• HOW TO COMPLETE THIS TASK
Print, in exact form, the lines below from the one containing "Optimale Flexisteel Silicone, Metal" through the one containing "Photo of Vintage", and omit all others.

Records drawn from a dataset
----------------------------------------
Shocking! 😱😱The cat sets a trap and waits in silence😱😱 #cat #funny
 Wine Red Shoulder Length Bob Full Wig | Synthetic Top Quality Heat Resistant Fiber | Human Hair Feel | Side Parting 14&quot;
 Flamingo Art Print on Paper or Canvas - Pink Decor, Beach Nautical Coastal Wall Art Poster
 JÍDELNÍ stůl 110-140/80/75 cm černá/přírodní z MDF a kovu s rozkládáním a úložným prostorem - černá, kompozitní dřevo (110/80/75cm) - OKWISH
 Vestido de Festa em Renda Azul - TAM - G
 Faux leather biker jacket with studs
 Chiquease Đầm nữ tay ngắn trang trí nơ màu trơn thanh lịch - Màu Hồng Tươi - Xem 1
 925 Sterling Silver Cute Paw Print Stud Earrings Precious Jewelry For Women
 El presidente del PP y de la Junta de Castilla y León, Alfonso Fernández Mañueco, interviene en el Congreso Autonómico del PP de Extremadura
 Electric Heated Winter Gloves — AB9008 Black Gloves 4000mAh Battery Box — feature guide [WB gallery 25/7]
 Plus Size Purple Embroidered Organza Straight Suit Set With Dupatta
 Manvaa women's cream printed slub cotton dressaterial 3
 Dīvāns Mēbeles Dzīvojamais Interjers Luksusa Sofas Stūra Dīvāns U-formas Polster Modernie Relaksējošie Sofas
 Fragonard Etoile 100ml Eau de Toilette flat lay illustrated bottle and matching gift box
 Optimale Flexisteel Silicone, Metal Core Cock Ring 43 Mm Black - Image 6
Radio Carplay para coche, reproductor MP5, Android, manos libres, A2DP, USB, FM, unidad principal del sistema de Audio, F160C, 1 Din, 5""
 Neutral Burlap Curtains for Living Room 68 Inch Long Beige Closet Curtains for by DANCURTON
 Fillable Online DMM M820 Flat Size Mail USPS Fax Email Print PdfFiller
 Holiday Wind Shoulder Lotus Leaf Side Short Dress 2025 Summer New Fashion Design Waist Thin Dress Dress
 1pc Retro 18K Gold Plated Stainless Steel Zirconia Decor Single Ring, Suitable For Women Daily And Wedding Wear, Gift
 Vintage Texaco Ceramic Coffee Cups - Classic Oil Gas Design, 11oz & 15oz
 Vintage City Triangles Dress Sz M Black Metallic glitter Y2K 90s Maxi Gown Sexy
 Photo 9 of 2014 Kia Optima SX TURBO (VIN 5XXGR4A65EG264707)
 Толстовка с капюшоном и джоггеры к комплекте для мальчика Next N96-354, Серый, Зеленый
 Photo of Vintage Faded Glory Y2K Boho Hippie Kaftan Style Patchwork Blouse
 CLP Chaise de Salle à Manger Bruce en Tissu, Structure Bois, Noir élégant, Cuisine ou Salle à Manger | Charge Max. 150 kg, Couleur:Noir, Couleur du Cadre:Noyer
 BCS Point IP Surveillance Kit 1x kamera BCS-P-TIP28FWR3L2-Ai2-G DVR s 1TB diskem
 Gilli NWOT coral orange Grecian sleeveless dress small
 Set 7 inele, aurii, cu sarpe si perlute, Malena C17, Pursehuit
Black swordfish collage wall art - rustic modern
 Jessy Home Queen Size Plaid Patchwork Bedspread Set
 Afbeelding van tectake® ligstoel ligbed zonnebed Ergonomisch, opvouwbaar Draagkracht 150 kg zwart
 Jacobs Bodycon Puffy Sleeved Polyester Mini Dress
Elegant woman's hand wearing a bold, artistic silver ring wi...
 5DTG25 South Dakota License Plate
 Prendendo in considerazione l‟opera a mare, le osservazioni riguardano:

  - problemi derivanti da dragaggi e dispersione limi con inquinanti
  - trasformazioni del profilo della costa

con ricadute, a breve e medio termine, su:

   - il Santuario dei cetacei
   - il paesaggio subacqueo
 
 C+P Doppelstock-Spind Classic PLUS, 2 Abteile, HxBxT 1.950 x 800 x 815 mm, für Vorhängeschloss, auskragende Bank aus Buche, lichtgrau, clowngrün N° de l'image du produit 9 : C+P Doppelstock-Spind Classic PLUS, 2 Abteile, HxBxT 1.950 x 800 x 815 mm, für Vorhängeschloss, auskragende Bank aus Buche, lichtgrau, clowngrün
----------------------------------------
• RESPONSE TO THE EXERCISE
 Optimale Flexisteel Silicone, Metal Core Cock Ring 43 Mm Black - Image 6
Radio Carplay para coche, reproductor MP5, Android, manos libres, A2DP, USB, FM, unidad principal del sistema de Audio, F160C, 1 Din, 5""
 Neutral Burlap Curtains for Living Room 68 Inch Long Beige Closet Curtains for by DANCURTON
 Fillable Online DMM M820 Flat Size Mail USPS Fax Email Print PdfFiller
 Holiday Wind Shoulder Lotus Leaf Side Short Dress 2025 Summer New Fashion Design Waist Thin Dress Dress
 1pc Retro 18K Gold Plated Stainless Steel Zirconia Decor Single Ring, Suitable For Women Daily And Wedding Wear, Gift
 Vintage Texaco Ceramic Coffee Cups - Classic Oil Gas Design, 11oz & 15oz
 Vintage City Triangles Dress Sz M Black Metallic glitter Y2K 90s Maxi Gown Sexy
 Photo 9 of 2014 Kia Optima SX TURBO (VIN 5XXGR4A65EG264707)
 Толстовка с капюшоном и джоггеры к комплекте для мальчика Next N96-354, Серый, Зеленый
 Photo of Vintage Faded Glory Y2K Boho Hippie Kaftan Style Patchwork Blouse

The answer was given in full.